Leave out the pictures, and reproduce exactly the lines from the line containing "71 Charles St, Weymouth, MA 02189 - Photo 11" through the final line of the entries.

=======

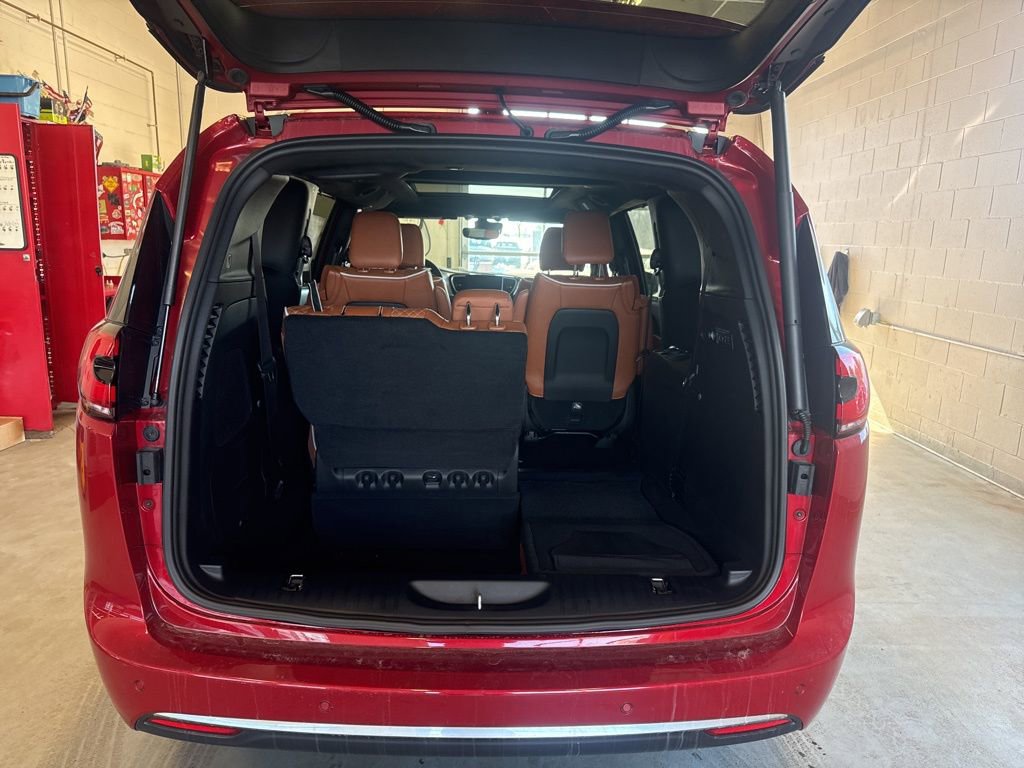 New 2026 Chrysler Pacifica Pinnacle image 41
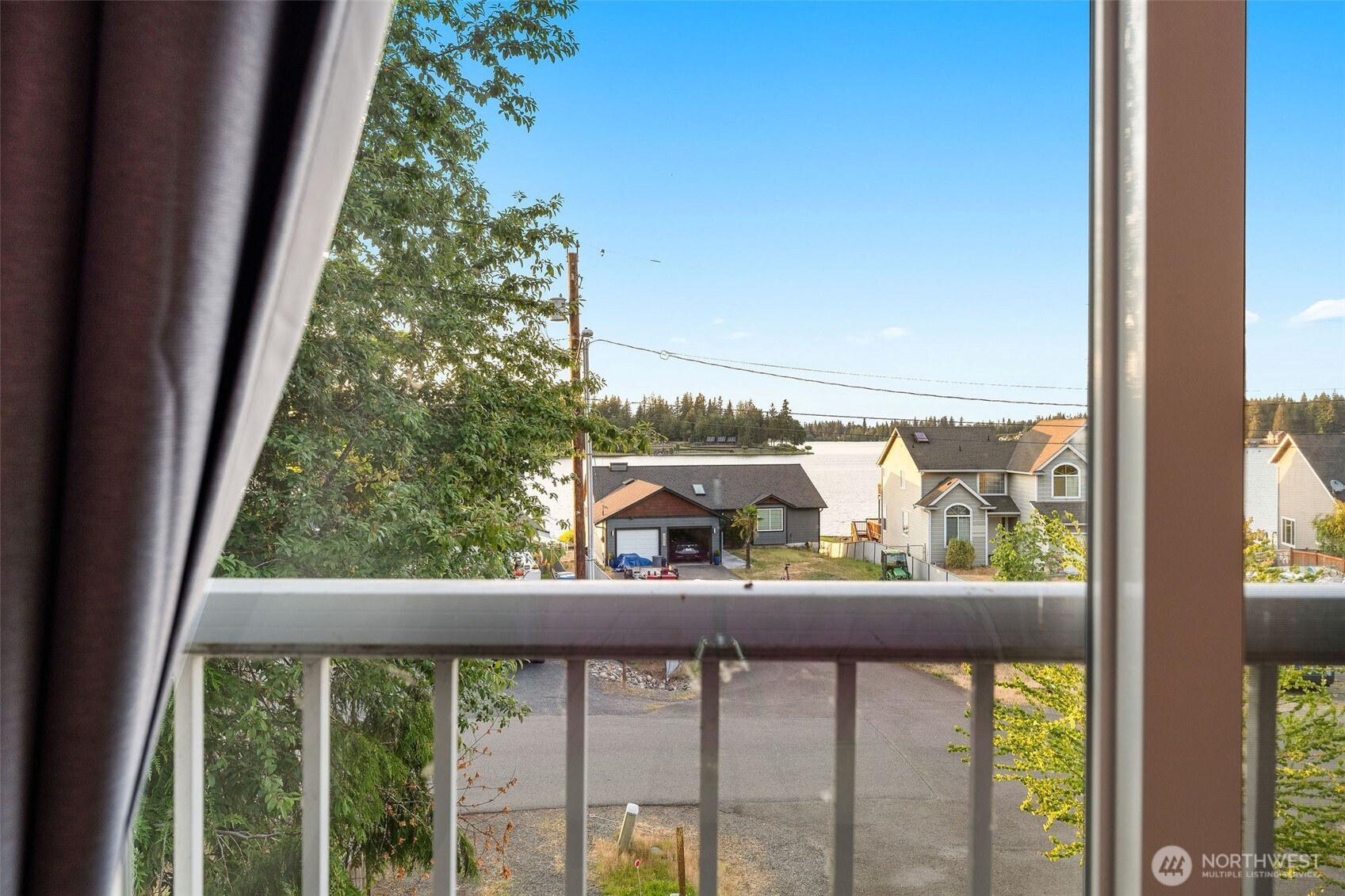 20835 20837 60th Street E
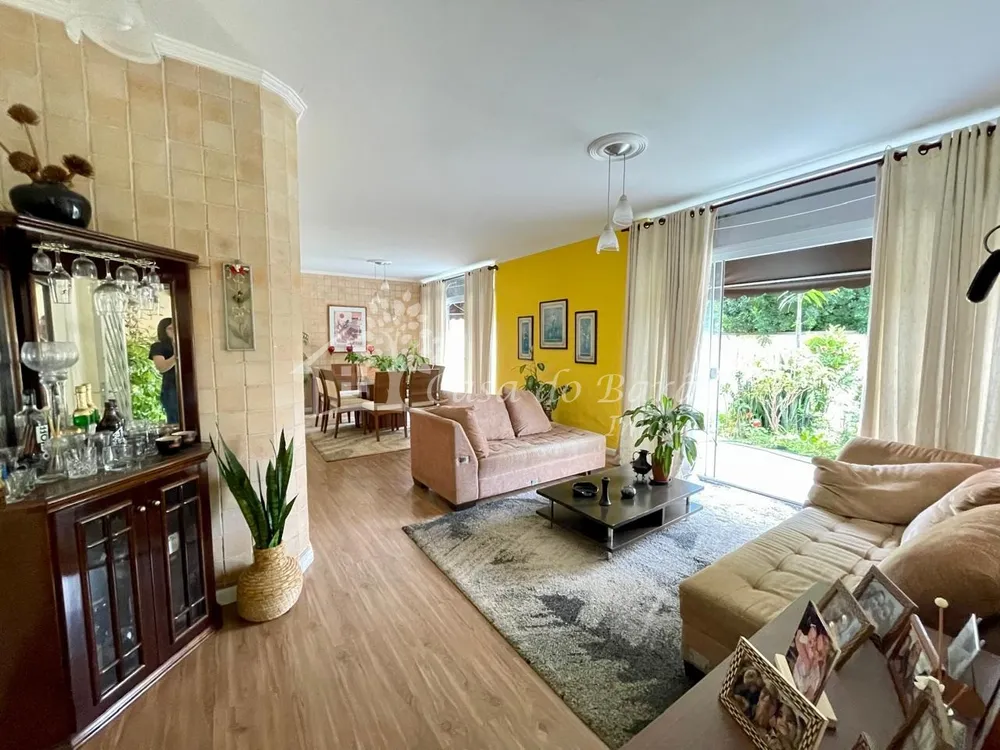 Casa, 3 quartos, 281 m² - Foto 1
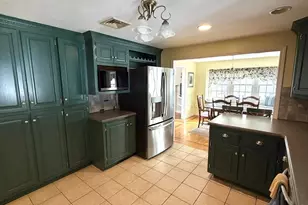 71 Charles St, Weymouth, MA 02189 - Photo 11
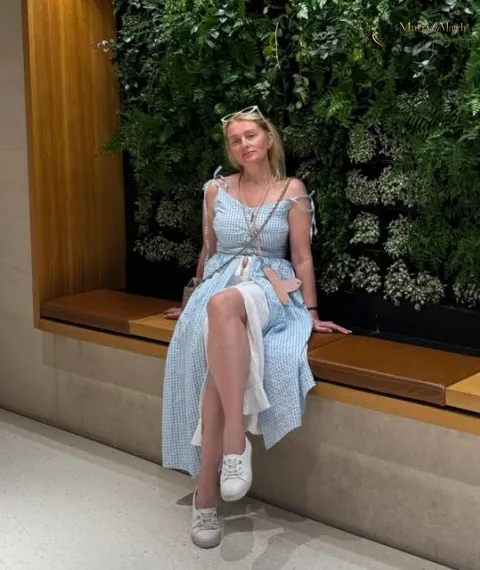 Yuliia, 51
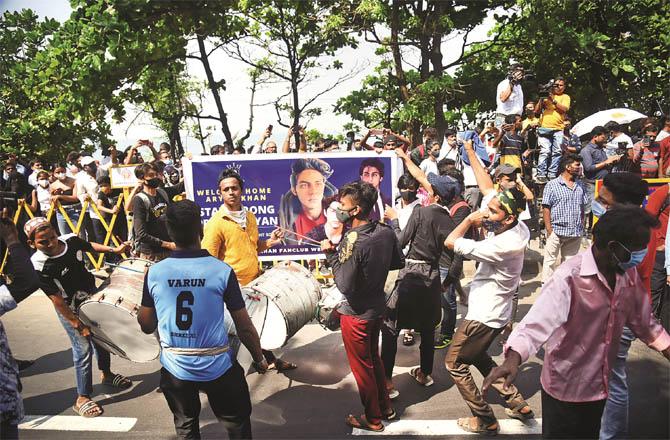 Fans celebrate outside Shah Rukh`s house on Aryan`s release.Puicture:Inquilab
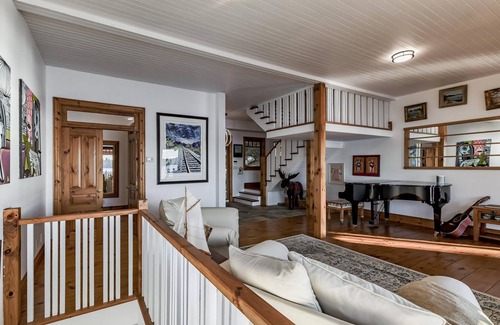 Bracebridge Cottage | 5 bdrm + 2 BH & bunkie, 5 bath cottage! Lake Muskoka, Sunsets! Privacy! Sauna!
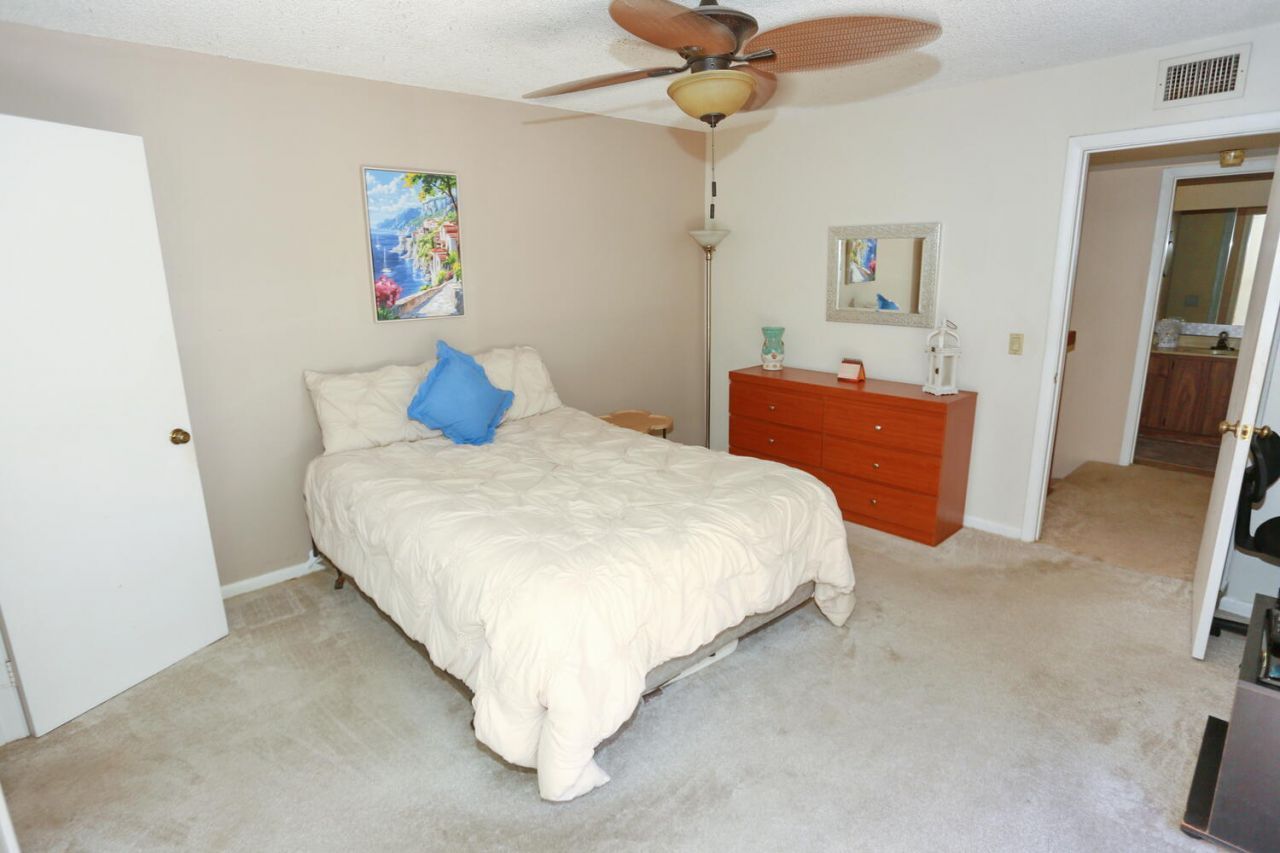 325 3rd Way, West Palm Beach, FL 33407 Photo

=======

## EXERCISE RESPONSE:
 71 Charles St, Weymouth, MA 02189 - Photo 11
 Yuliia, 51
 Fans celebrate outside Shah Rukh`s house on Aryan`s release.Puicture:Inquilab
 Bracebridge Cottage | 5 bdrm + 2 BH & bunkie, 5 bath cottage! Lake Muskoka, Sunsets! Privacy! Sauna!
 325 3rd Way, West Palm Beach, FL 33407 Photo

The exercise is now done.